My maternal grandmother died at age 79, owning her own home but not the land on which it still sits. A place of her own meant a lot to her as her childhood and early adulthood were filled with violence. Coming from a long line of women with very little resources, the overriding lesson I was taught was that independence (or at the very least ingenuity in service of it) was the single defining marker of womanhood.
My upbringing did not include any preparation to be a man’s wife as I’ve heard other Afro-Caribbean women express. I came to the conviction that I should live life radically on my own terms. I learnt from women who dealt in complexities, not in ideals that set you up for a spectacular set of disappointments.
I’d plait my paternal grandmother’s hair as she shared stories of pretending to cry after her lover had beat her only to break a bottle over his head when he came to comfort her. Womanhood meant toughness, an ability to decode sexism and skillfully negotiate it with wits or fists. I did not inherit this grandmother’s toughness. Easily moved to tears, they wrote in my first report from school. That’s still true.
In the historical denial of black womanhood there is of course the denial of black humanity but there is also a freedom from a hetero/sexist scripting of womanhood to be claimed. The denial of femininity offers not just the opportunity to intentionally create femme identities of our own making but to reject what Toni Cade Bambara has called the “madness of masculinity and femininity”. That which was denied you can create a space of freedom not just a space of yearning.
Academic scholarship and creative work alike celebrate black Caribbean women’s abilities to work economic miracles:
She could work miracles, she would make a garment from a square of cloth
in a span that defied time.
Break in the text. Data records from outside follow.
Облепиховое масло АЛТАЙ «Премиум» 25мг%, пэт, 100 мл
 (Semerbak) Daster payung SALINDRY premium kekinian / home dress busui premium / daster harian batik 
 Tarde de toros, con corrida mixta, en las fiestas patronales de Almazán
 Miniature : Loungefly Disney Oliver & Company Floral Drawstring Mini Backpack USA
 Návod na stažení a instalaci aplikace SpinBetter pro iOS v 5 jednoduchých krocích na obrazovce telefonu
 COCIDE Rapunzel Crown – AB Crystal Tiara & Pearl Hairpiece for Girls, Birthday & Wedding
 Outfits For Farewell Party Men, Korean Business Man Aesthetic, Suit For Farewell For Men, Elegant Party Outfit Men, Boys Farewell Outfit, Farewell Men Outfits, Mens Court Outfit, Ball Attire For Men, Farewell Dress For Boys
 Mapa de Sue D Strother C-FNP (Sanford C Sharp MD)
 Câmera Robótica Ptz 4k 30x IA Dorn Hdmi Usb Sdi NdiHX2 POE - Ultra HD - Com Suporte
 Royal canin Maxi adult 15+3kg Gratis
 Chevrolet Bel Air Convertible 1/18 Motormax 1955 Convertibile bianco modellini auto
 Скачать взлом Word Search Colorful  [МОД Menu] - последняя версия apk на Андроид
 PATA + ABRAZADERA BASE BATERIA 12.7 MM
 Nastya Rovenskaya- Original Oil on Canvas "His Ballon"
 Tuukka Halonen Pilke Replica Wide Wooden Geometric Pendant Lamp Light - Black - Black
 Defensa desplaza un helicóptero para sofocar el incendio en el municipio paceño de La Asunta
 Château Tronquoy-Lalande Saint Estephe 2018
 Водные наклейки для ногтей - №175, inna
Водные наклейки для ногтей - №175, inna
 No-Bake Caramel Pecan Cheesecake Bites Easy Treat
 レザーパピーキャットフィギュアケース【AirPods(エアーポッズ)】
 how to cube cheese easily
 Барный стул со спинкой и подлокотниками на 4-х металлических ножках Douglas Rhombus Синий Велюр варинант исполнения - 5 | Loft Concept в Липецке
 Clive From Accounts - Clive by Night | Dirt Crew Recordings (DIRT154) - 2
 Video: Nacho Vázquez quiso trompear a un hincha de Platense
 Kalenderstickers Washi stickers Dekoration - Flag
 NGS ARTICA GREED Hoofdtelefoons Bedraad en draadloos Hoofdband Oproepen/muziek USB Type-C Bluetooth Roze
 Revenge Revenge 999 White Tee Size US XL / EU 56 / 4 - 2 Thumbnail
Or feed twenty people on a stew made from
fallen-from-the-head cabbage leaves and a carrot and a cho-cho and a palmful of meat.
–from For My Mother (May I Inherit Half Her Strength) by Lorna Goodison)
Less is said about the other kinds of magic we make (other than that we make it in exile or in Suriname 😉
Who knows how my grandmothers would feel about my decision to make love and life with a defiant, self-defined dyke whose emotions are always on the surface, just as my maternal grandmother’s were, and who makes my soul sing? But I can’t help but connect my homemaking to theirs. Home is the magic my love and I conjure together across multiple differences, across oceans and time zones and stubborn similarities that could undo us. Loving her makes me feel free.